Dataset records START










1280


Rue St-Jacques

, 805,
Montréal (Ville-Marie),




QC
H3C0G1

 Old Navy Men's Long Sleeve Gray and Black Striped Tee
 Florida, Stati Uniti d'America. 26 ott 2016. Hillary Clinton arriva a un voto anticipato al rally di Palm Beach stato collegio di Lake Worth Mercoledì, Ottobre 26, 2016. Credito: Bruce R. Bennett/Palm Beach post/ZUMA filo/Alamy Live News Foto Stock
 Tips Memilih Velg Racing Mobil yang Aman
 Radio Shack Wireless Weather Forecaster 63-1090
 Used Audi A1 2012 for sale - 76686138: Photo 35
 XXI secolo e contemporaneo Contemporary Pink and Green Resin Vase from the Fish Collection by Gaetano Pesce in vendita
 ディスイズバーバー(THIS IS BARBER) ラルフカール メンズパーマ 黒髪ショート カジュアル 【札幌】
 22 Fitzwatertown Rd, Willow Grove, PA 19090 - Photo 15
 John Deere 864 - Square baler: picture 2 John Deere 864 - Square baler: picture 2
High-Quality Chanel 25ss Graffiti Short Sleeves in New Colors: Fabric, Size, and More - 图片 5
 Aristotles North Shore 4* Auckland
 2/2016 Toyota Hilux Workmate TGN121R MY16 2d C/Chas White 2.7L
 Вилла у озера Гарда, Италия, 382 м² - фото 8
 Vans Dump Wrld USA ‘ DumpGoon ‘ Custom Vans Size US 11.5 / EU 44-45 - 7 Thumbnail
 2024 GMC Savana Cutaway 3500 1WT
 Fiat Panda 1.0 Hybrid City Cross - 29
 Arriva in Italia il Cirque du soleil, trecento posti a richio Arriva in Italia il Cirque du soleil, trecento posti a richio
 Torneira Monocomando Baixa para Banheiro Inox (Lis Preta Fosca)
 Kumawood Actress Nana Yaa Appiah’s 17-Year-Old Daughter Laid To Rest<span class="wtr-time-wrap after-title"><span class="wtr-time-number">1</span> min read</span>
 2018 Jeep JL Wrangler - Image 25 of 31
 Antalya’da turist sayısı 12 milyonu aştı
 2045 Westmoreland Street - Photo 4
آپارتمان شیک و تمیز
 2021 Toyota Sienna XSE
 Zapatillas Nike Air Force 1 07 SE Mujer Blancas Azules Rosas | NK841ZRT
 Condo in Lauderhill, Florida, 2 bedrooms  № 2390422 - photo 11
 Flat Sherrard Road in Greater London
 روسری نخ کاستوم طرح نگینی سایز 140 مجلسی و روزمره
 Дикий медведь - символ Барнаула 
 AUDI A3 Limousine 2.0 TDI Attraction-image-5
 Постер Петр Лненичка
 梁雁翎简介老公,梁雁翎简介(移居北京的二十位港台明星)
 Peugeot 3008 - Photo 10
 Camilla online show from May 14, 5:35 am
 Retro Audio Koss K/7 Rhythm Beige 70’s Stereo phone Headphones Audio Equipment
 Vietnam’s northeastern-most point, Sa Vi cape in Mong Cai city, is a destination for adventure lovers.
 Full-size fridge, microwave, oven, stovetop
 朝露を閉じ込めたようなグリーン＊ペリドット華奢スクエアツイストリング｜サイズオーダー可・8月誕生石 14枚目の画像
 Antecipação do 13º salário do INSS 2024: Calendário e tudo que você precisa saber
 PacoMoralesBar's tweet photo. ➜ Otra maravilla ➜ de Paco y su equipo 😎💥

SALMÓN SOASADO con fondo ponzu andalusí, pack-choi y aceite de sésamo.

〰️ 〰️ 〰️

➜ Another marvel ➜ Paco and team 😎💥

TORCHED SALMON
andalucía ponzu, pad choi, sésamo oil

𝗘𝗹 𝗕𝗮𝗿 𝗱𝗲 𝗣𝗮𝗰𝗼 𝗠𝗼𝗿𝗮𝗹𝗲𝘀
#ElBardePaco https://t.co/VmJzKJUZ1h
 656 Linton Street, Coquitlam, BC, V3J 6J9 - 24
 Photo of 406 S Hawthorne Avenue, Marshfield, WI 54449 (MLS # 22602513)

Dataset records END

Work to be completed: Only the lines above from the one with "Kumawood Actress Nana" up to and including the one with "AUDI A3 Limousine 2.0 TDI Attraction-image-5" should be repeated, exactly as written.

Exercise answer:
 Kumawood Actress Nana Yaa Appiah’s 17-Year-Old Daughter Laid To Rest<span class="wtr-time-wrap after-title"><span class="wtr-time-number">1</span> min read</span>
 2018 Jeep JL Wrangler - Image 25 of 31
 Antalya’da turist sayısı 12 milyonu aştı
 2045 Westmoreland Street - Photo 4
آپارتمان شیک و تمیز
 2021 Toyota Sienna XSE
 Zapatillas Nike Air Force 1 07 SE Mujer Blancas Azules Rosas | NK841ZRT
 Condo in Lauderhill, Florida, 2 bedrooms  № 2390422 - photo 11
 Flat Sherrard Road in Greater London
 روسری نخ کاستوم طرح نگینی سایز 140 مجلسی و روزمره
 Дикий медведь - символ Барнаула 
 AUDI A3 Limousine 2.0 TDI Attraction-image-5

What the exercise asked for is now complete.